In this article we’re going to talk about complex actions we can implement with Redux and the role of middlewares and reducers in the whole development process.

Hi, Dmytro here. As I told you in our previous article, Redux is an open-source library developed in JavaScript. It mainly specializes in building webpages in single-threaded environments. However, on iOS and macOS we usually work in a multi-threaded environment. Therefore, iOS apps have much more complicated logic than webpages have. To be able to develop iOS applications using Redux, we need to overcome a single-threaded environment limitation. This becomes possible with the use of middleware.

Middleware

Middleware is code you can put between the framework receiving a request and the framework generating a response. It’s widely used in such server-side libraries as Express and Koa. However, unlike Express and Koa middleware, Redux middleware serves a slightly different purpose. More specifically, it provides a third-party extension point between dispatcher that is dispatching an action and a reducer that this action is reaching. Usually, Redux middleware is used for logging, crash reporting, talking to an asynchronous API, routing, etc.

Redux architecture comprises such concepts as action, reducer, store and state.

In fact, there can be many middlewares within one application. The function of middleware is similar to that of a reducer, but a reducer only changes the application’s state in accordance with the received action, while middleware carries out all the business logic.

Here like Redux architecture will look like when we add a middleware.

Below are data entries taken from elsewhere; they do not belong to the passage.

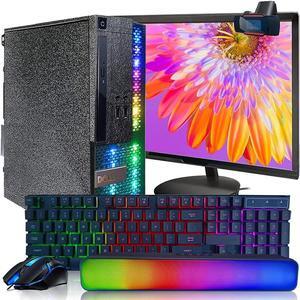 Dell PC Black Treasure Box RGB Desktop Quad Core I5 up to 3.6G, 16G, 512G SSD, WiFi, BT, RGB Keyboard & Mouse, DVD, 22" 1080P FHD LED, RGB Sound Bar, Webcam, Win 10 Pro(Renewed)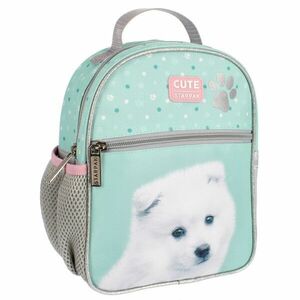 Ghiozdan pentru gradinita, motiv Doggy, compartiment captusit, fermoar, 20x25x8 cm, alb/menta imagine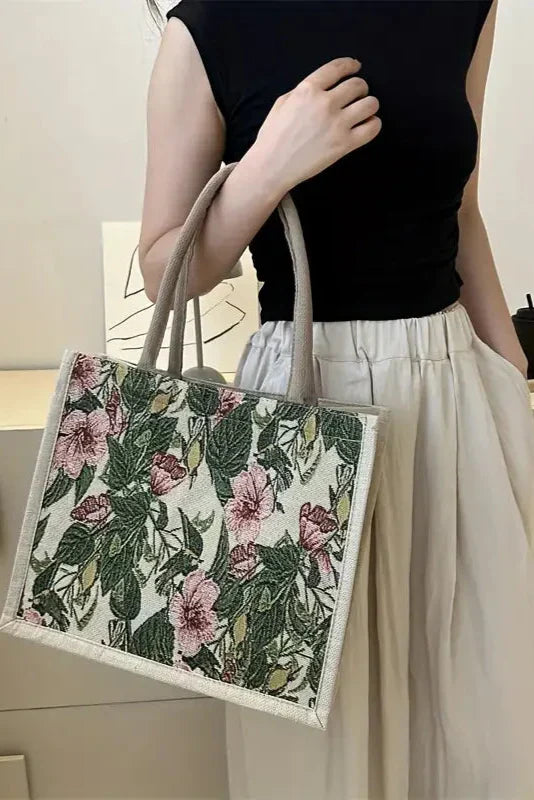 Taila Mala de Juta com Estampado Floral e Design Ecológico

For instance, the way a middleware protocol is implemented with just one method:

 protocol Middleware: class {
    func handle(action: Action) -> Action
}

is similar to how the reducer protocol is implemented:

 protocol Reducer {
    func reduce(action: Action, state: State) -> State
}

However, middleware’s role is to perform logic and pass the action further:

    let action = self.middlewares.reduce(action, { (action, middleware) -> Action in
                return middleware.handle(action: action)
            })
 

On the one hand, the majority of experts advise against altering an action drastically during the coding. This way the code is more stable: middleware handles the events while reducers process them to the store. On the other hand, it would be useful to add more information to the original action during processing. For instance, ValidationMiddleware could validate a phone number in ChangePhoneAction immediately and update it with validation results:

  struct ChangePhoneAction: Action {
    var phone: String
    var isValid: Bool?
}
  class ValidationMiddleware: Middleware {
    let phoneValidator = PhoneValidator()
    func handle(action: Action) -> Action? {
        if var action = action as? ChangePhoneAction {
            action.isValid = phoneValidator.validate(phone: action.phone)
        }
        return action
    }
}

Persistence middleware can unload saved data from the local database, attach it to InitStoreAction, and reducers will use it to restore the last saved state.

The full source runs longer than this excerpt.